I like the second shot. The first shot I think could've been taken a couple feet back. The black of what you're wearing makes your right shoulder blend in with the rest of your body... adds bulk to your perceived profile, that isn't actually there. The lighting in the first shot is fairly boring. The second shot's lighting is nice (perhaps a tad bit harsh coming from the left side, the contrast between the two sides of your face could be lessened I think just a touch). But still, second shot is quite nice.
You would be surprised how much you can do with a kit lens and a t3i (or similar APS-C budget, 2015-onward camera like a Nikon D5200... Nikon D3200... or anything newer.)
For portraiture especially, lighting is key. It's #1. You get a good lighting setup, and you could use an iPhone and get amazing results (assuming you have some manual control over the iPhone to avoid any drastic in-camera processing). In all forms of photography, lighting is key... but portraiture is where you paint the light onto the subject (or a combination of finding good light depending on the kind of portraiture). In other forms of photography, you find good lighting, plan for good lighting, etc...
I am a huge fan of landscape + portraiture put together. Planned stuff like starscape, or long exposure of many different kinds, with planned inclusion of a person or people.
I don't do a lot of portraiture, but one great tip I have is play with the eyes in lightroom. Don't go overboard, but doing a few different layers of painting of clarity, exposure, sharpness, color, etc changes to the eyes can really enhance a portrait. Don't be afraid to sharpen around edges just a bit too (selectively choosing some softer-looking edges around a subject that could use some sharpening with a brush).

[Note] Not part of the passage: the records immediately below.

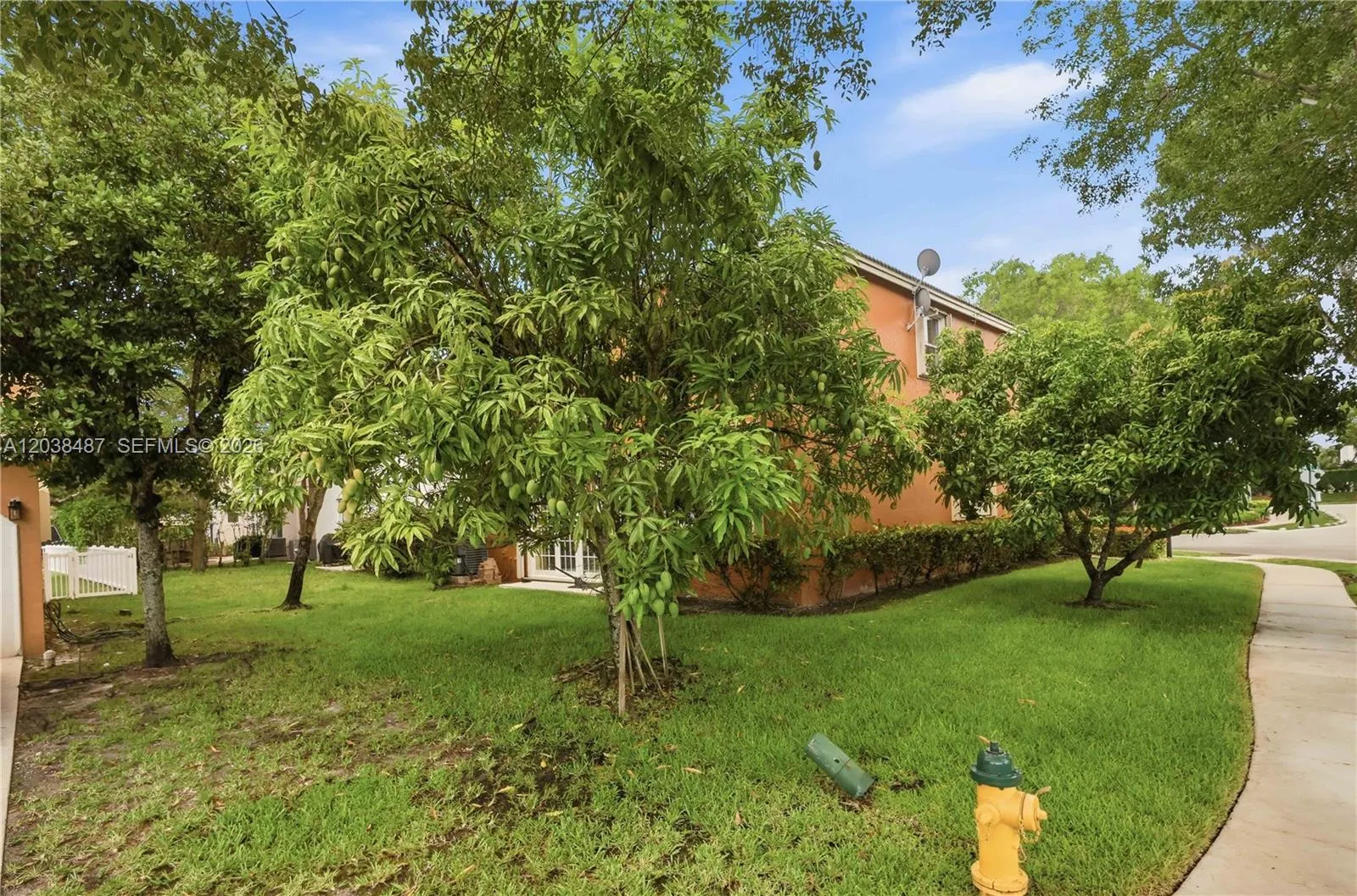 Property photo 52
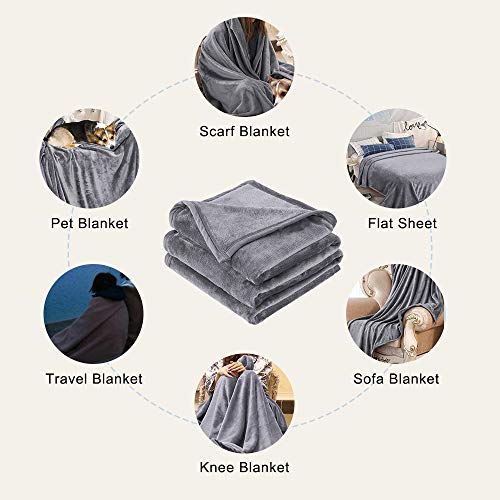 EMME Velvet Fleece Twin Blanket Quality High-Density Bed Blankets for Couch Silky Soft Twin Blankets Premium Cozy Fleece Blankets and Throws Lightweight and Warm for All Season (Grey, 60" x 80")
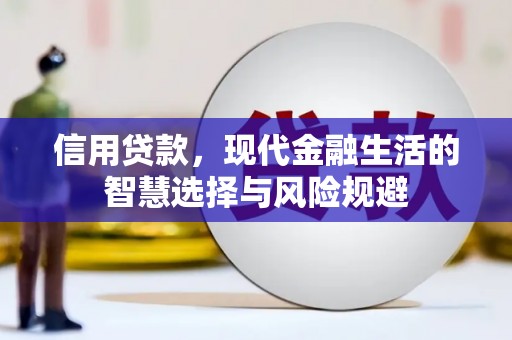 西和信用贷款，现代金融生活的智慧选择与风险规避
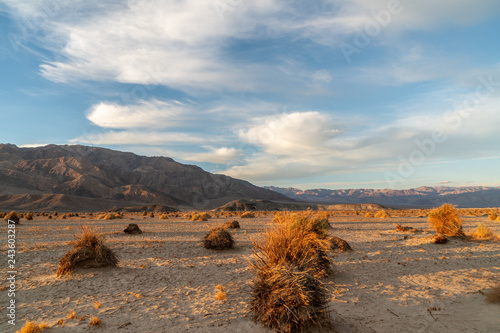 Resembling corn on a harvest field, arrowweed plants on mounds of sand, Devil's Cornfield, Death Valley National Park, California photo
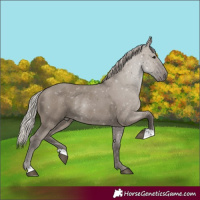 Horse Color:Silver Grullo Rabicano
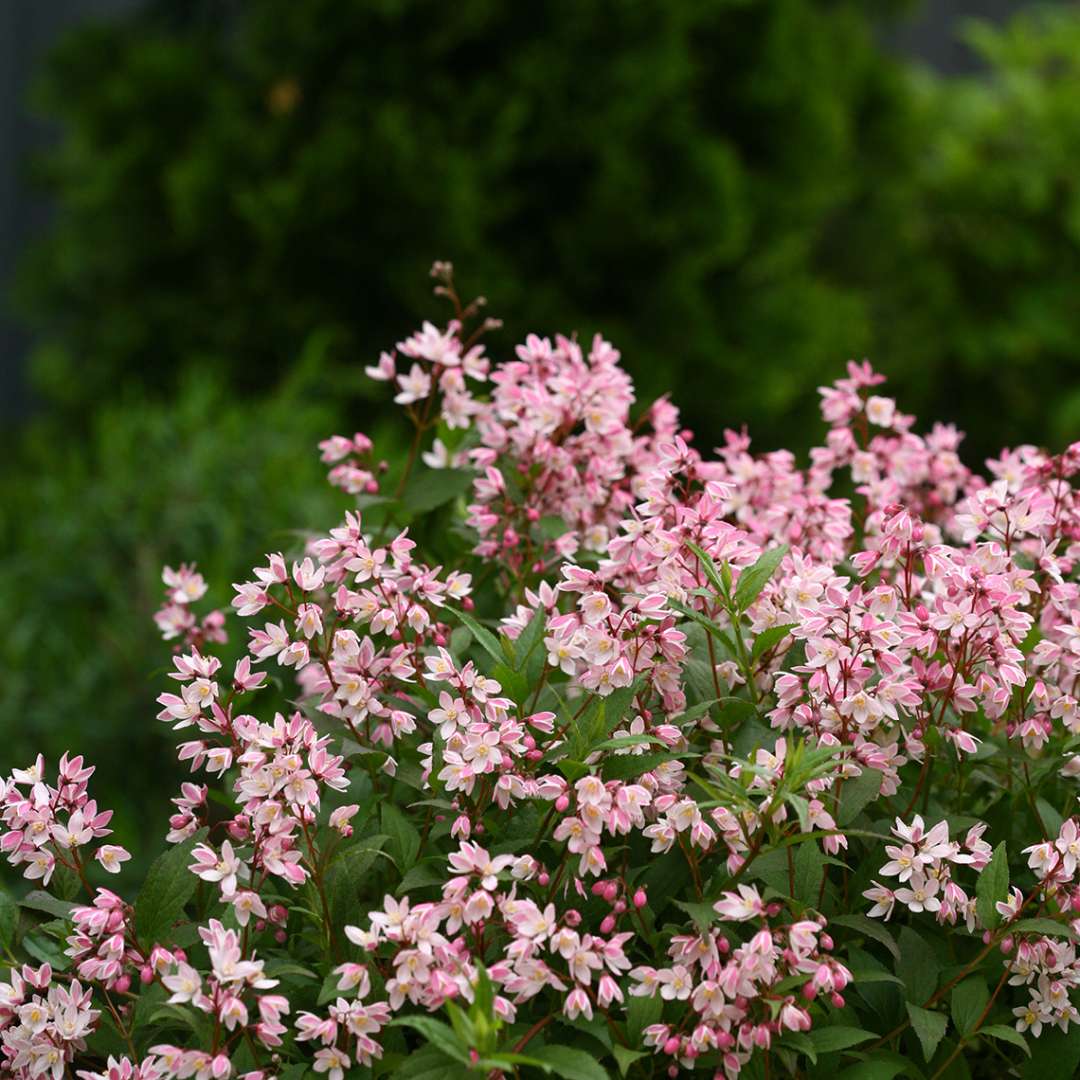 Abundant pink blooms of Yuki Cherry Blossom Deutzia in the landscape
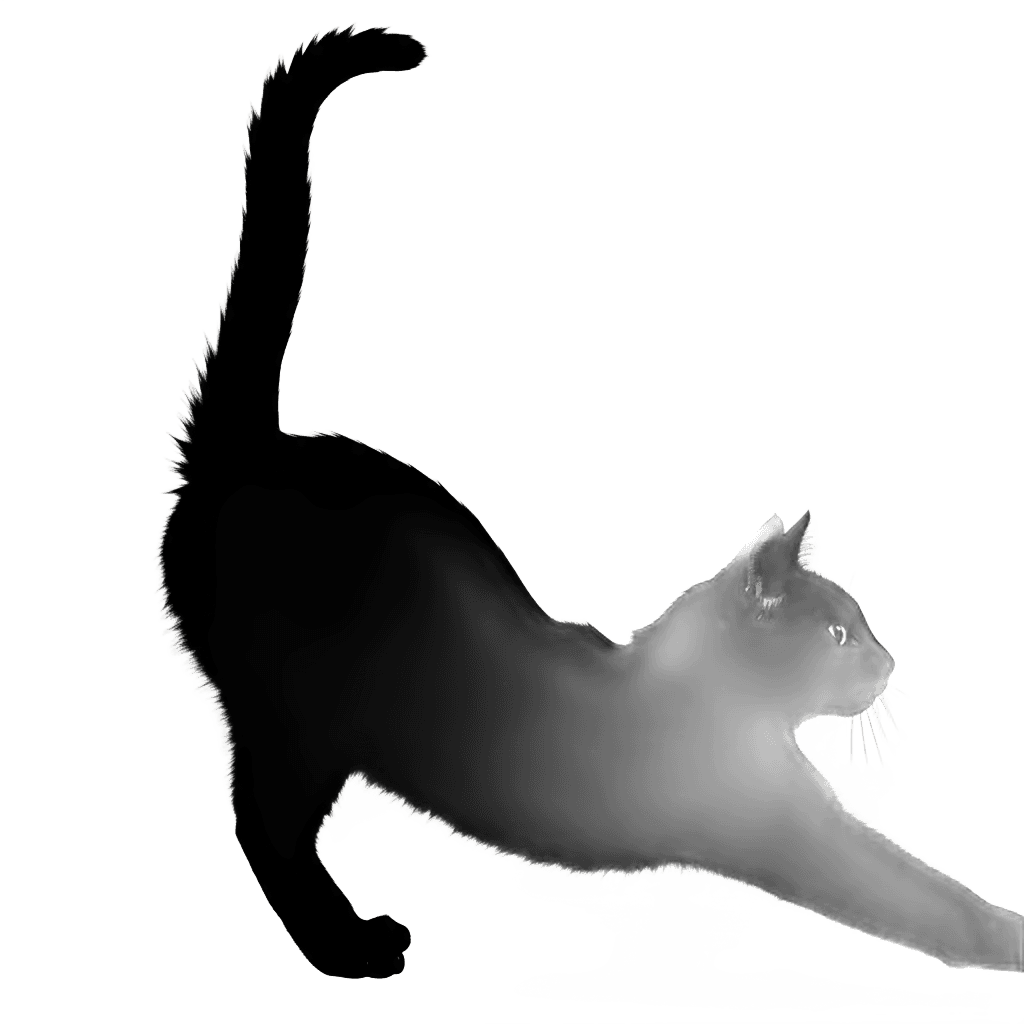 black cat silhouetteの透過PNG画像素材 (背景透過クリッピング済み) - Free Transparent PNG black cat silhouette Illustration for Commercial Use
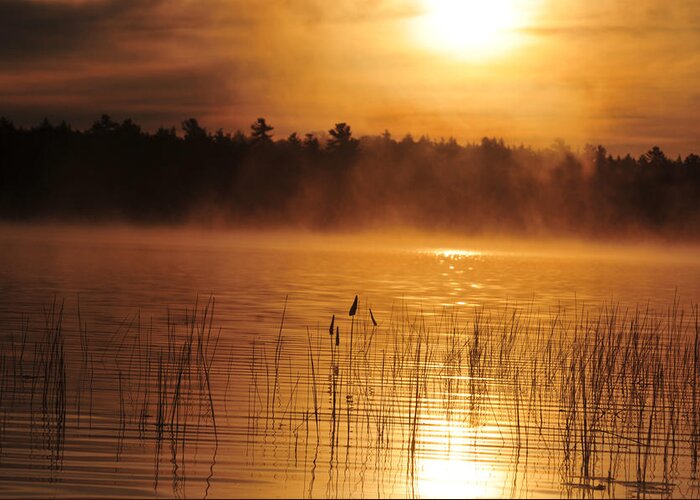 Fog Greeting Card featuring the photograph Foggy sunrise by Peter DeFina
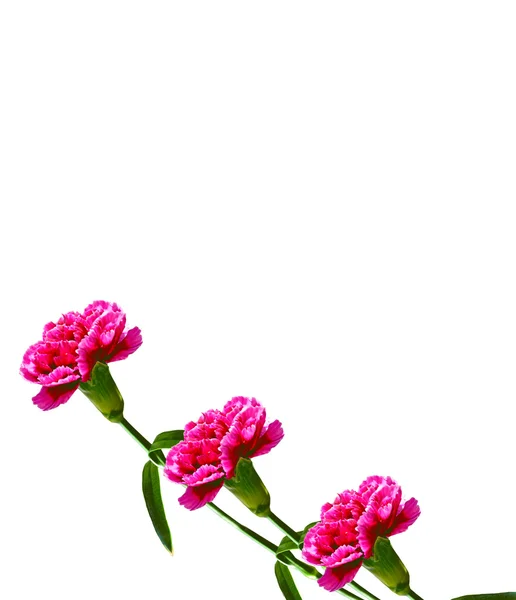 Bukett blommor nejlika. — Stockfoto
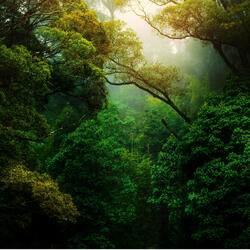 Bird Sounds in Nature, Pt. 6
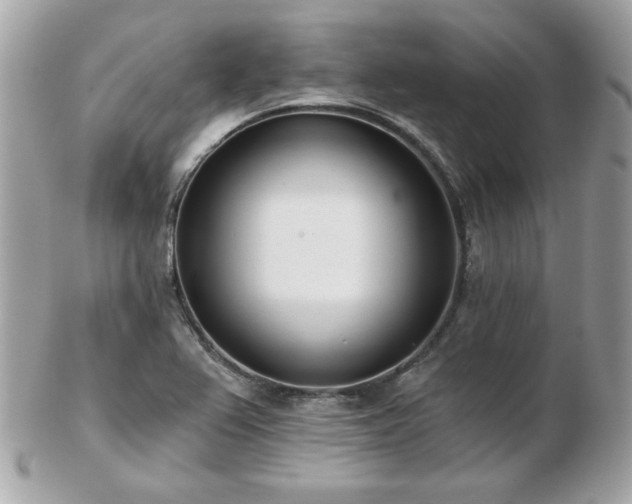 X0000103261367200808291208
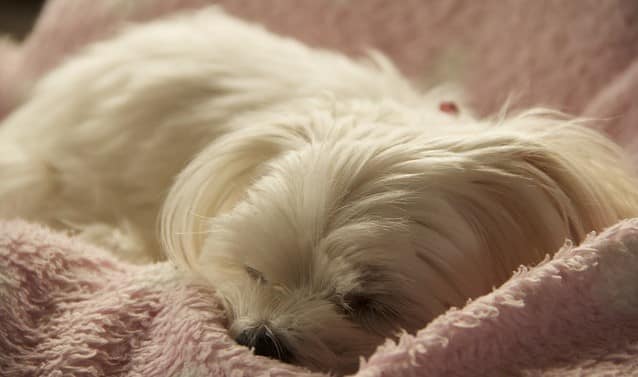 maltese-dog-sleeping-on-pink-blanket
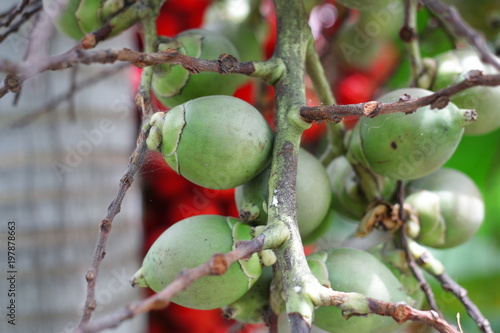 Green Betel Nuts Areca catechu Linn On Tree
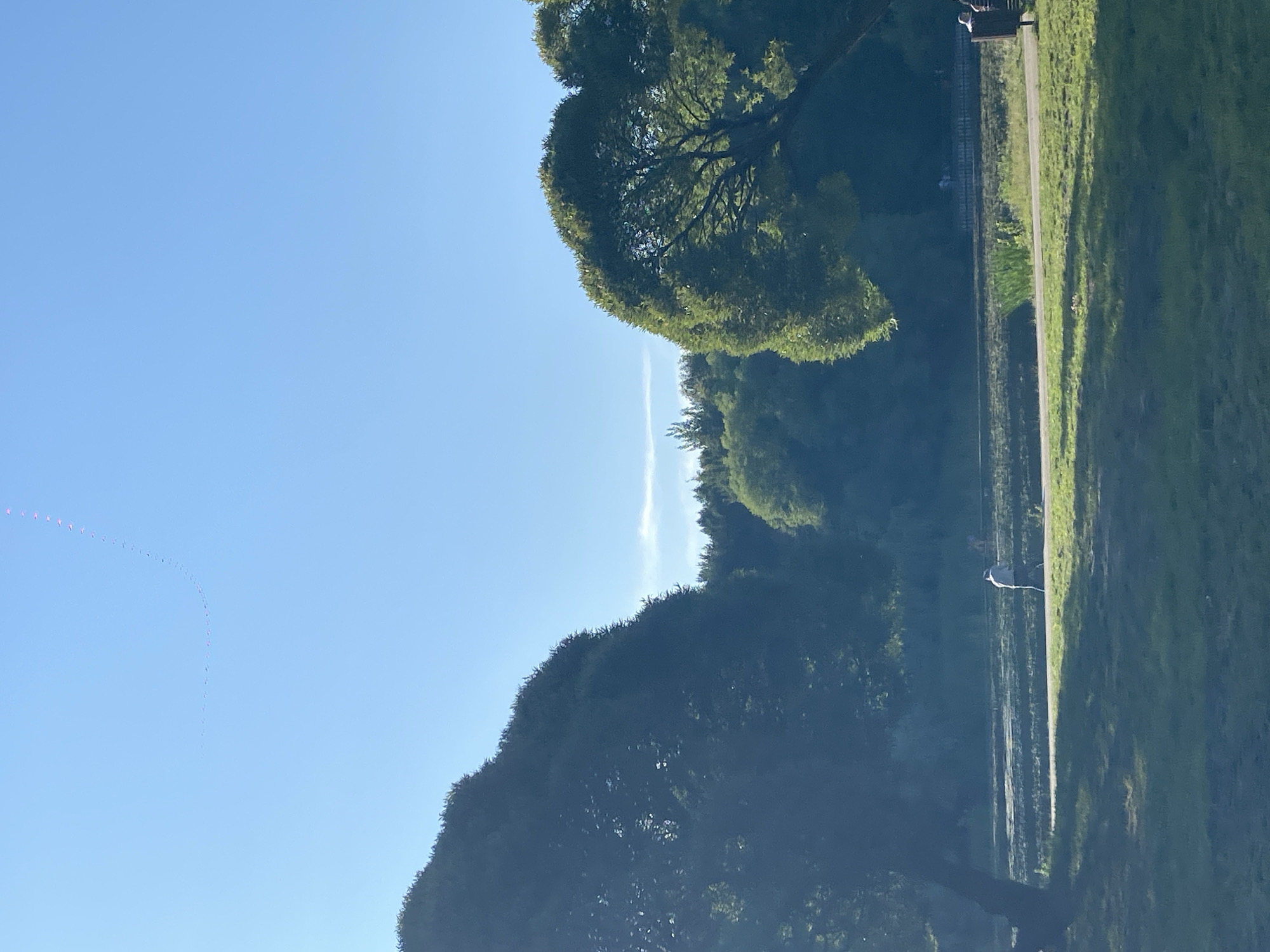 This is a vertical, eye-level, medium-distance shot of a park with a body of water. In the foreground, on the left, is a large, dark green tree. To the right, a smaller tree with bright green leaves is visible. A paved path runs horizontally across the middle ground, bordered by grass. A single person wearing a light-colored shirt and dark pants is walking on the path. A body of water is visible behind the path, with a dense line of dark green trees forming the background. In the sky, a string of small, red lights is ascending in a curve. The scene appears to be at a park in the city of Khimki, Russia.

edit - Oh ya I'd say for photo #2, you could have an even bigger impact with a series (3 photos, for example) done exactly the same, but with different poses. It's really easy for a stand-alone photo to just convey... stock imagery. A stand-alone image that doesn't speak to the viewer is just asking to be inserted into some other bigger body of work, and used. But if you added in a couple other photos beside it, it could convey more... something about you. You'd still be demonstrating your work, and technical efforts, but you would be incorporating a story. Each photo in a series can play with the other, providing context that amplifies your work.